Un nuovo studio rivela che non galleggiano più vicino alla costa né restano intrappolati nelle reti da pesca. Si trovano sul fondo dell'oceano, a più di 3.000 metri di profondità, in ecosistemi che un tempo consideravamo incontaminati.

Percorsi sottomarini, un espresso per gli abissi

Sotto la superficie dell'oceano c'è qualcosa di simile a un treno merci che sfreccia a velocità elevata lungo pendii sottomarini. Si tratta delle cosiddette correnti di torbidità, flussi di sedimenti densi che si muovono attraverso i canyon sottomarini a velocità che raggiungono gli 8 metri al secondo, simili a quelle di un'auto che viaggia a circa 30 km/h sott'acqua.

Ciò che trascinano non è solo sabbia e fango, ma anche plastica invisibile a occhio nudo.

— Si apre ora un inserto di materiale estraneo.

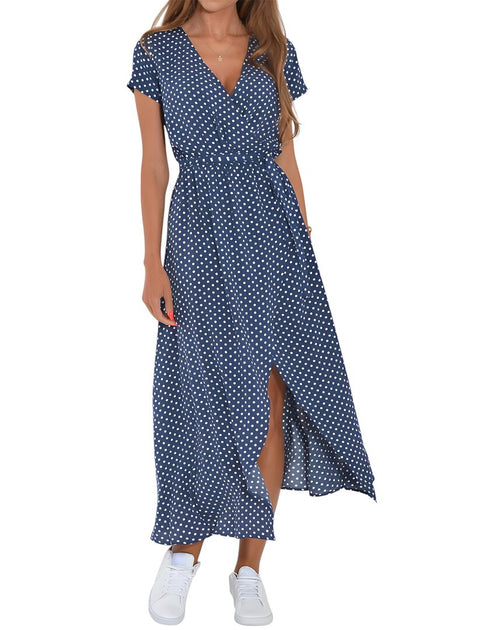 Kayla Paris Maxi Dress Blue US 8 2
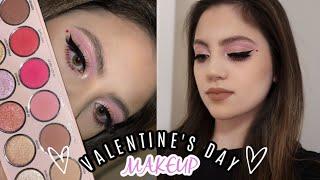 VALENTINE'S DAY MAKEUP TUTORIAL 2020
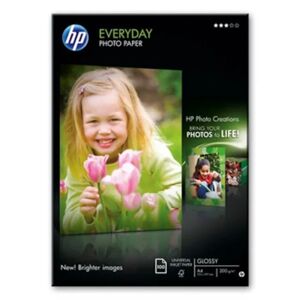 HP Everyday fotopapir A4 100-pk.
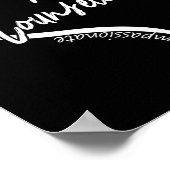 Counselor Graphic T - shirts Topjes Terug naar sch Poster (Hoek)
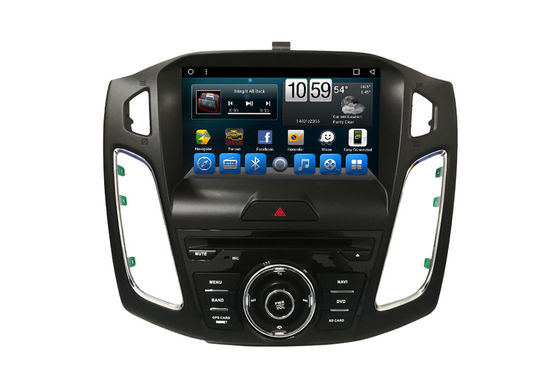چین In Dash Car Multimedia OEM China Ford DVD Navigation System Focus 2015 2017 تامین کننده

Un team internazionale guidato dall'Università di Manchester ha osservato per la prima volta come queste correnti spostano le microplastiche dalla piattaforma continentale ai fondali marini profondi. Nel Whittard Canyon, a più di 300 chilometri dalla costa irlandese, hanno scoperto che queste "valanghe" erano piene di fibre tessili e frammenti di plastica.

"Queste correnti trasportano nutrienti che sostengono la biodiversità delle profondità marine, quindi è scioccante che trasportino anche particelle di plastica", ha affermato il geologo e coautore dello studio Ian Kane in una dichiarazione dell'Università di Manchester.

Un cocktail pericoloso

Il problema non si limita alla presenza fisica di queste minuscole plastiche. Nelle profondità dove la luce non arriva mai, gli animali si affidano al tatto e all'istinto per trovare il cibo. In questo caso le microfibre di plastica diventano un inganno mortale.

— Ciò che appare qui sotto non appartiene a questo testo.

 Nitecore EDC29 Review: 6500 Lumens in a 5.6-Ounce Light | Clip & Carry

"Le microplastiche da sole rappresentano già un problema per la vita marina di profondità, ma agiscono anche come 'vettori', trasferendo sostanze nocive come i PFAS e i metalli pesanti. Questo le rende un 'multi-fattore di stress' ambientale, con il potenziale di influenzare l'intera catena alimentare." Peng Chen, responsabile dello studio

Le prove sono chiare e la colpa non è solo dei sacchetti o delle bottiglie di plastica. Lo studio spiega che il 77% delle microplastiche rilevate erano microfibre, provenienti principalmente da indumenti sintetici come poliestere o polietilene.

Tracce di plastica in paesaggi remoti

Campioni prelevati fino a 3.200 metri di profondità rivelano che queste particelle non si accumulano in modo casuale. Piuttosto, si concentrano in aree specifiche, quelle che gli scienziati chiamano “punti caldi di microplastica”. Questi punti critici coincidono pericolosamente con gli hotspot di biodiversità, vale a dire aree che ospitano un'ampia varietà di specie e dipendono dal flusso di nutrienti e ossigeno trasportati da queste stesse correnti.

pesce abissi
Questi hotspot di biodiversità ospitano coralli di acqua fredda, spugne giganti e pesci adattati all'oscurità totale.

"Ci auguriamo che questa nuova comprensione contribuisca all'implementazione di strategie di mitigazione", afferma il ricercatore Ian Kane. Ora il team di ricerca si concentra sulla comprensione degli effetti delle microplastiche sugli organismi marini, come le tartarughe marine e la fauna selvatica delle profondità marine.

La scienza ci dimostra che il fondo del mare non è poi così lontano come sembra: lo tocchiamo ogni volta che scegliamo un capo di abbigliamento, ogni volta che lo laviamo senza filtro, ogni volta che non guardiamo oltre l'etichetta.

Cambiare le nostre abitudini, ad esempio optando per fibre naturali, utilizzando sacchetti per il bucato e riducendo il consumo di vestiti usa e getta, è un modo per tagliare il filo invisibile che collega i nostri armadi alle profondità dell'oceano.

Fonti e riferimenti della notizia:

- Chen P., et al. (2025). Direct Evidence That Microplastics Are Transported to the Deep Sea by Turbidity Currents. Environmental Science & Technology.

- Universidad de Manchester. (2025). Scientists discover deep-sea microplastic hotspots driven by fast-moving underwater avalanches. Publicado en la sección de noticias de la institución.